» **Task statement**
Could you write out the lines below exactly, beginning with the first and finishing with the one that contains "Journalist Jaelynn Grisso"?

» **Supplied data**
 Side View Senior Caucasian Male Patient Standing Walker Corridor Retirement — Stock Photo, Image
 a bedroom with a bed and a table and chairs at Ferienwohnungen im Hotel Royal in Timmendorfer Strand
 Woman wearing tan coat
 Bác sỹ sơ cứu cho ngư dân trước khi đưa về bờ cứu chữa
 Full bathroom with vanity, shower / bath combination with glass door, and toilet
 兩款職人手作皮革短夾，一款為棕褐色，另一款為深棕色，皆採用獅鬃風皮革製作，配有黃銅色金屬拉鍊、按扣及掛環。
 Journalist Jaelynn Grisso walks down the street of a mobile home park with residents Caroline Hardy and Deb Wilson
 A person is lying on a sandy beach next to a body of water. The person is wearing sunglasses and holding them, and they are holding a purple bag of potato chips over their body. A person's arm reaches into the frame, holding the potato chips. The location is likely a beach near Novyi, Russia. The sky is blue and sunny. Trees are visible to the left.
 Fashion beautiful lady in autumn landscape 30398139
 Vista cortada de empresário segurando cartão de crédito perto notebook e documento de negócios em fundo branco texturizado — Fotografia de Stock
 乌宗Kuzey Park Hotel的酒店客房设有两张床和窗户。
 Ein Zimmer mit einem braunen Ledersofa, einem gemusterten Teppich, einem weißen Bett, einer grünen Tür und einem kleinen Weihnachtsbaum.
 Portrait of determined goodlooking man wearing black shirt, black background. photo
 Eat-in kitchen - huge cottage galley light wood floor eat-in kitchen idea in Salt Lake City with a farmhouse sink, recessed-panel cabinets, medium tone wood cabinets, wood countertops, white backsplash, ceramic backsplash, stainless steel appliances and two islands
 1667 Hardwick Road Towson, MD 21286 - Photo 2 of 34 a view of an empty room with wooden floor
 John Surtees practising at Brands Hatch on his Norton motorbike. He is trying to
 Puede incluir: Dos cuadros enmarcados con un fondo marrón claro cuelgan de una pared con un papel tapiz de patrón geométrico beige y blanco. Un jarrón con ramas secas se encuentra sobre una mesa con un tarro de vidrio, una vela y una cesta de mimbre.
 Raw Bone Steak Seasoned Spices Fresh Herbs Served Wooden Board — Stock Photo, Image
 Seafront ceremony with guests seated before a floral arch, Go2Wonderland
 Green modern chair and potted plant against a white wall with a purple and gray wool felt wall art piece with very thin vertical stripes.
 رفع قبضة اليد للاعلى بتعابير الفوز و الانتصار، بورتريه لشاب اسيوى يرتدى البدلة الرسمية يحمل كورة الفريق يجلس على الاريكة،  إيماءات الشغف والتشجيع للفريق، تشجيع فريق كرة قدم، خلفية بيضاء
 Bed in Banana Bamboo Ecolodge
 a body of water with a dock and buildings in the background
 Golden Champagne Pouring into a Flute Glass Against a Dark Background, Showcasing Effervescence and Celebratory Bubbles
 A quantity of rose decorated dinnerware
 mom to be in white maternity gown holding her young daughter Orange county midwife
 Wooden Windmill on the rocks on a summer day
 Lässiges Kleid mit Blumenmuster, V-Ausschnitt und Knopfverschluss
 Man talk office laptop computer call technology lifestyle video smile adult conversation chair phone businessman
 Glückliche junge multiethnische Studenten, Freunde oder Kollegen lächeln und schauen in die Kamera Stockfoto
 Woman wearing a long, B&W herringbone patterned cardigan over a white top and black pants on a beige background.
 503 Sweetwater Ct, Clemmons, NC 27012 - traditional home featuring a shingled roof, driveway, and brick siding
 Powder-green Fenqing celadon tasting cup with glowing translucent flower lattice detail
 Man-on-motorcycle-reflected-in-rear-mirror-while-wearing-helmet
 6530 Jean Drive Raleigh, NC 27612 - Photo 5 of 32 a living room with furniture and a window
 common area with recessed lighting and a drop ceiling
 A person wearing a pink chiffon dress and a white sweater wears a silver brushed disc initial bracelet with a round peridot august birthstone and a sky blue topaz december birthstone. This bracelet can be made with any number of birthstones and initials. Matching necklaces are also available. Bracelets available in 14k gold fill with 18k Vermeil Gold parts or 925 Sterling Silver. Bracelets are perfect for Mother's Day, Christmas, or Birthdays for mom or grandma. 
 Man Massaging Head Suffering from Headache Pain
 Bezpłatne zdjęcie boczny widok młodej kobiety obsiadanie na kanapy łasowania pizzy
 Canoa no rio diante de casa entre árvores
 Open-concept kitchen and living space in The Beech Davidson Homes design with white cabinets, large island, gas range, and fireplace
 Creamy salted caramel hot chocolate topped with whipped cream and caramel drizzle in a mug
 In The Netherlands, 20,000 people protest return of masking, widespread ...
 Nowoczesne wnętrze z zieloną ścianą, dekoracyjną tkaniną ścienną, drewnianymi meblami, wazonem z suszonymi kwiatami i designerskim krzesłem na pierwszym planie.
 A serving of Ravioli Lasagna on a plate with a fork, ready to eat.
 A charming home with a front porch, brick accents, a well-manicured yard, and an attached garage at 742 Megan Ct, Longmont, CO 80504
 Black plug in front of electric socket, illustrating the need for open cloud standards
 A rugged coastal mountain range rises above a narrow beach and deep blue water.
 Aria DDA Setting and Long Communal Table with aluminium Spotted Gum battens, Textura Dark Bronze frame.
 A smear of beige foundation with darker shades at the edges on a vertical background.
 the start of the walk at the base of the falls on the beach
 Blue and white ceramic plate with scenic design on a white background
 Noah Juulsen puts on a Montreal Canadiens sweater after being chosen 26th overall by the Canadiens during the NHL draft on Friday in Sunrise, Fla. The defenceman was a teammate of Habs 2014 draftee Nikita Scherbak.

» **Answer to the problem**
 Side View Senior Caucasian Male Patient Standing Walker Corridor Retirement — Stock Photo, Image
 a bedroom with a bed and a table and chairs at Ferienwohnungen im Hotel Royal in Timmendorfer Strand
 Woman wearing tan coat
 Bác sỹ sơ cứu cho ngư dân trước khi đưa về bờ cứu chữa
 Full bathroom with vanity, shower / bath combination with glass door, and toilet
 兩款職人手作皮革短夾，一款為棕褐色，另一款為深棕色，皆採用獅鬃風皮革製作，配有黃銅色金屬拉鍊、按扣及掛環。
 Journalist Jaelynn Grisso walks down the street of a mobile home park with residents Caroline Hardy and Deb Wilson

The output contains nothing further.